At the current level, the market values Tharisa at just over £300million, and well and good – the company has a track record of production at the eponymous Tharisa mine that runs back several years, and it hasn’t made many mistakes.
What’s really been lacking though, until now, is growth. This year looks like being one in which Tharisa starts to change that.
As a cornerstone, for this year, production guidance for the Tharisa mine is set at between 175,000 and 185,000 ounces of platinum group metal, and between 1.75million tonnes and 1.85million tonnes of chrome, not too far away from the 2022 numbers.
There’s also more than $200million in the bank. But it’s Tharisa’s drive towards developing new assets in new jurisdictions that really looks set to transform the company.
The first cab off the rank in this growth strategy is the Karo platinum mine in Zimbabwe, which is held through a 70 per cent stake in a vehicle that owns 85 per cent of the project. The other 15 per cent is owned, free-carried, by the Zimbabwean government.
The project is already well advanced, with various ceremonies already having been held.
Ground was broken in December 2022, and construction is now moving forward, after a non-dilutive $38million in bonds was raised on the new Victoria Falls stock exchange.
Tharisa is hoping to dig out platinum and other materials from its Karo mine in Zimbabwe
Tharisa doesn’t hesitate to refer to Karo as a world-class asset, based on an assessment that the project holds almost 10million ounces of platinum group elements at an average grade of just over two grams per tonne.
The key elements are platinum, palladium, rhodium and gold, with some additional upside from copper and nickel.
The plan is to develop a mine with a 20-year life, and that produces around 150,000 ounces of platinum group elements in concentrate per year.
This is fairly high-level stuff for a platinum project, and the kind of thing you don’t see in many other parts of the world.

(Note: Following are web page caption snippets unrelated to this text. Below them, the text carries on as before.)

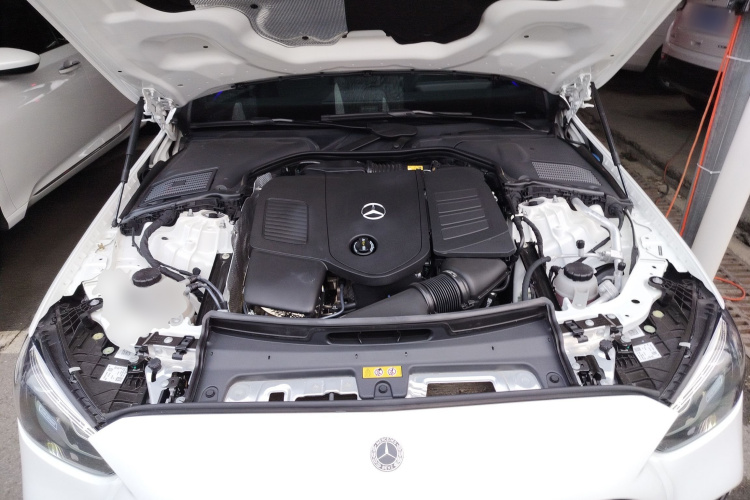 奔驰C级 2023款 改款 C 200 L 运动版机舱底盘24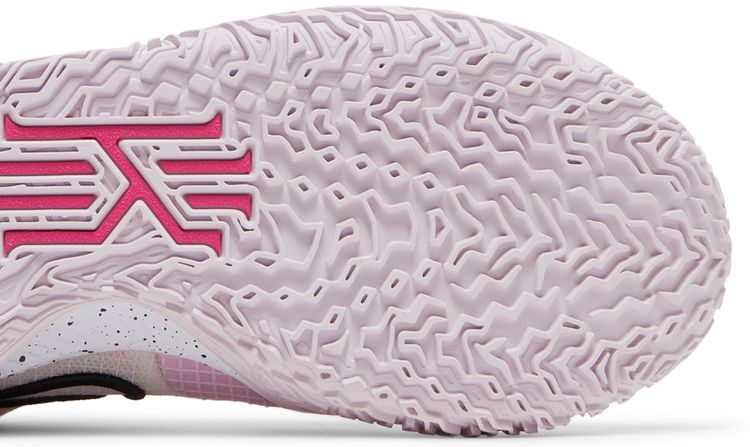 Kyrie Low 4 Kay Yow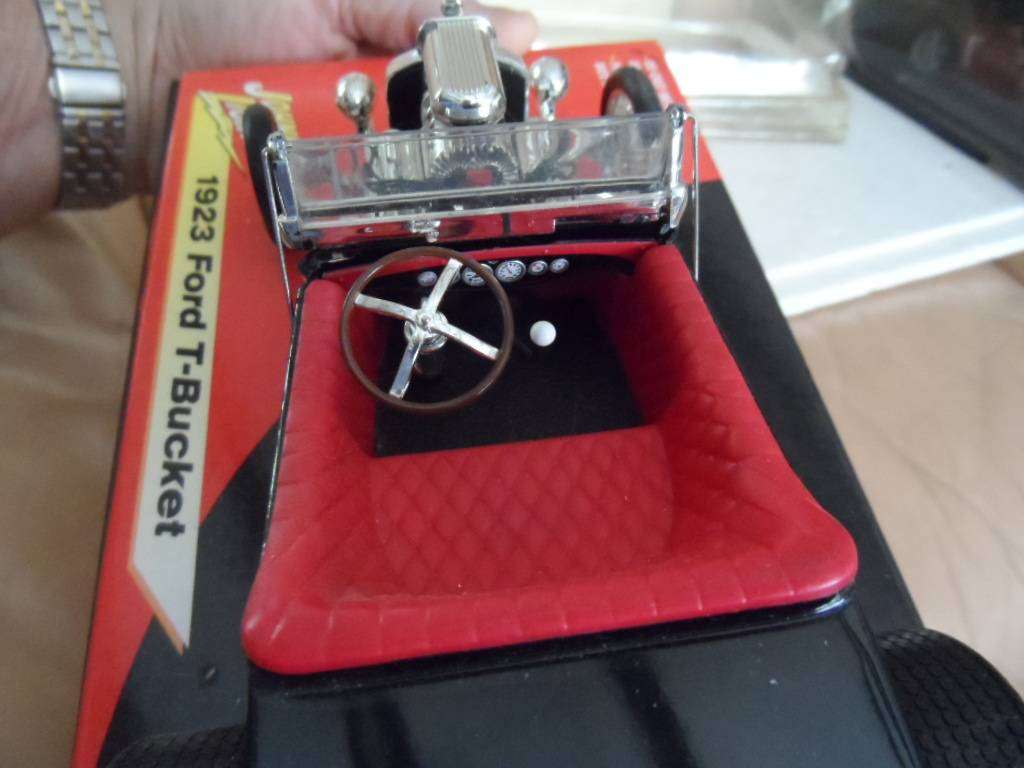 johnny lightning 1923 ford t bucket 1/18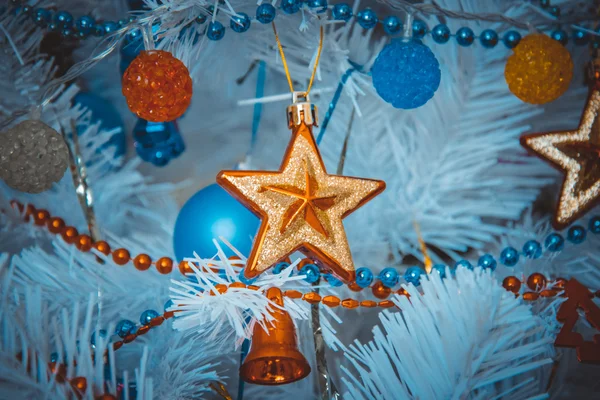 Brinquedo brilhante na árvore de Natal — Fotografia de Stock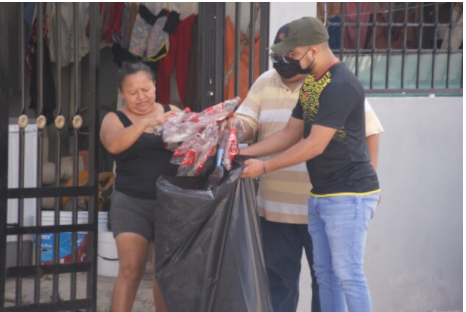Acopian plástico para construir un salón de clases sustentable en el Cobach de Puerto Morelos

Indeed, the Great Dyke of Zimbabwe, in Mashonaland West, around 80 kilometres south of Harare, is arguably second only to the Bushveld region of South Africa when it comes to potential for platinum group metals.
The only other area that bears comparison is Norilsk in Russia, but that’s primarily a nickel producing operation, although its output of PGMs is admittedly very significant.
Either way, Karo is big, it’s got the right geological address, and from Tharisa’s point of view, it’s got the right geographical address too.
This development takes the company out of its original country of operation, South Africa, but not too far, and to a country where mutual ties are strong, and mutual benefits are well understood.
Mining has been one of the few industries that’s kept Zimbabwe’s economy going over the past decade or two, and the new Mnangagwa government hasn’t been slow to recognise that.
At the ground-breaking ceremony in December, the Zimbabwean minister present, Winston Chitando, spoke of the 1,000 permanent jobs that will likely be created by the project, as well as the 7,000 jobs that will be created by the construction.
Mention was also made of Karo’s green potential, as much of the power will come from a new solar facility that’s also in the works.
Some more funding will be needed to get Karo up and running, but the economics are compelling.
The net present value is set at just over $770million, with the post-tax internal rate of return likely to run at just over 47 per cent.
It’s not hard to see why Tharisa is committing to Karo, and not hard to see what success would mean either.
Not only would a significant amount of production be added to the company’s annual output, but a significant marker will have been laid down.
This is a company that’s willing and capable of expanding on all levels.
First production is expected from Karo in 2024, but it wouldn’t be surprising if the shares start moving long before that.